Answer: Although, the mismanagement and wrong planning in PSUs may lead to misallocation and, consequently, to wastage of the scarce resources and finance but PSUs do have some positive and useful advantages.
- Enhancing Nation's Welfare: The main motive of the PSU was to provide goods and services that add to the welfare of the country as a whole. For example, schools, hospitals, electricity, etc. These services not only enhance welfare of country's population but also enhance the future prospects of economic growth and development.
- Long Gestation Projects: It was not feasible and economically viable for the private sectors to invest in the big and wide projects like basic industries and electricity, railways, roads, etc. This is because these projects need a very huge initial investment and have long gestation period. Hence, PSU is the most appropriate to invest in these projects.
- Basic Framework: An important ideology that was inherited in the initial five year plans was that the public sector should lay down the basic framework for industrialisation that would encourage the private sector at the latter stage of industrialisation.
- Socialist Track: In the initial years after independence, Indian planners and thinkers were more inclined towards socialist pattern. It was justified on the rational ground that if the government controls the productive resources and production, then it won't mislead the country's economic growth. This was the basic rationale to set up PSUs. These PSUs produce goods not according to the price signals but according to the social needs and economic welfare growth of the country.
- Reduce Inequality of Income and Generate Employment Opportunities: It was assumed that in order to reduce inequalities of income, eradicate poverty and to raise the standard of living, government sector should invest in the economy via PSUs.
Q5: Explain how import substitution can protect domestic industry.
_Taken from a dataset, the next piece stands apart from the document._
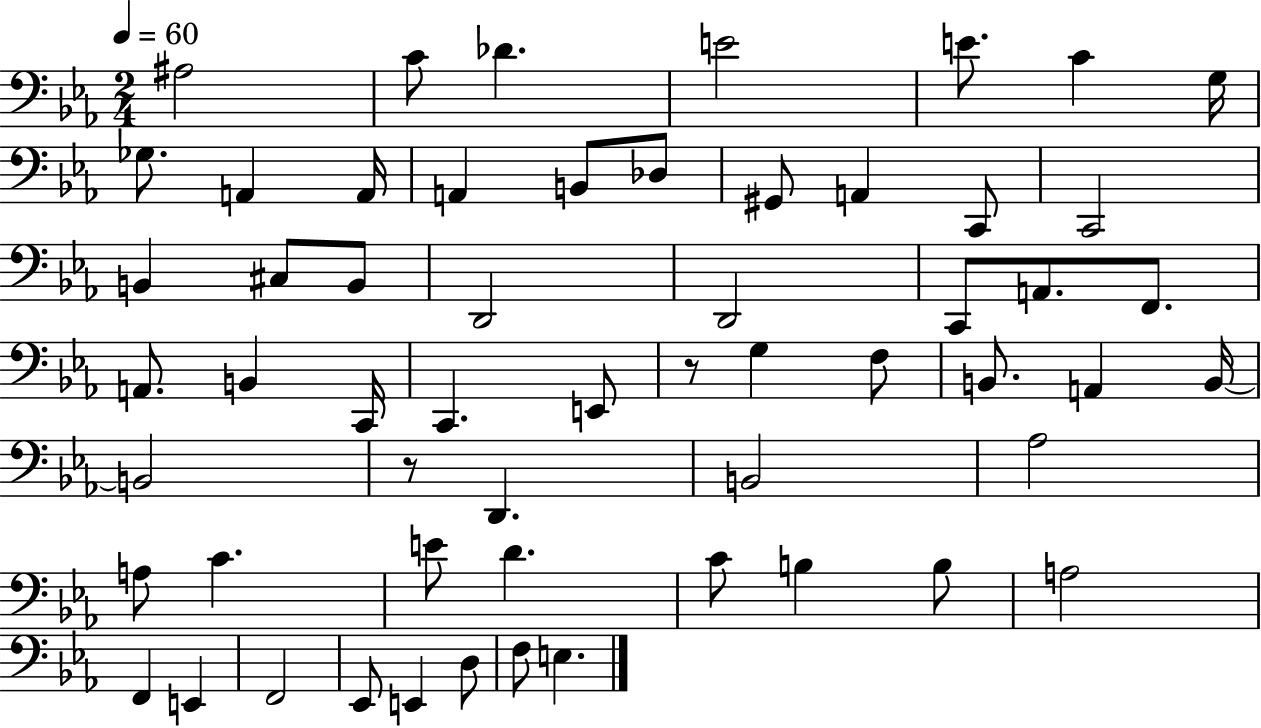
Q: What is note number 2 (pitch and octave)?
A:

Answer: In the initial seven five-year plans, India opted for an import substitution strategy, which implies discouraging the imports of those goods that could be produced domestically. Import Substitution Strategy not only reduces an economy's dependence on the foreign goods but also provides impetus to the domestic firms. Government provides various financial encouragements, incentives, licenses to the domestic producers to produce domestically the import substituted goods. This would not only allow the domestic producers to sustain but also enables them to grow as they enjoy the protective environment. They need not to fear from any competition and also not to worry about their market share as license gives them the monopoly status in the domestic market. Being monopolist, they earn more profits and invest continuously in R&D and always look for new and innovative techniques. This gradually improves their competitiveness and when they are exposed to the international market they can survive and compete with their foreign counterparts.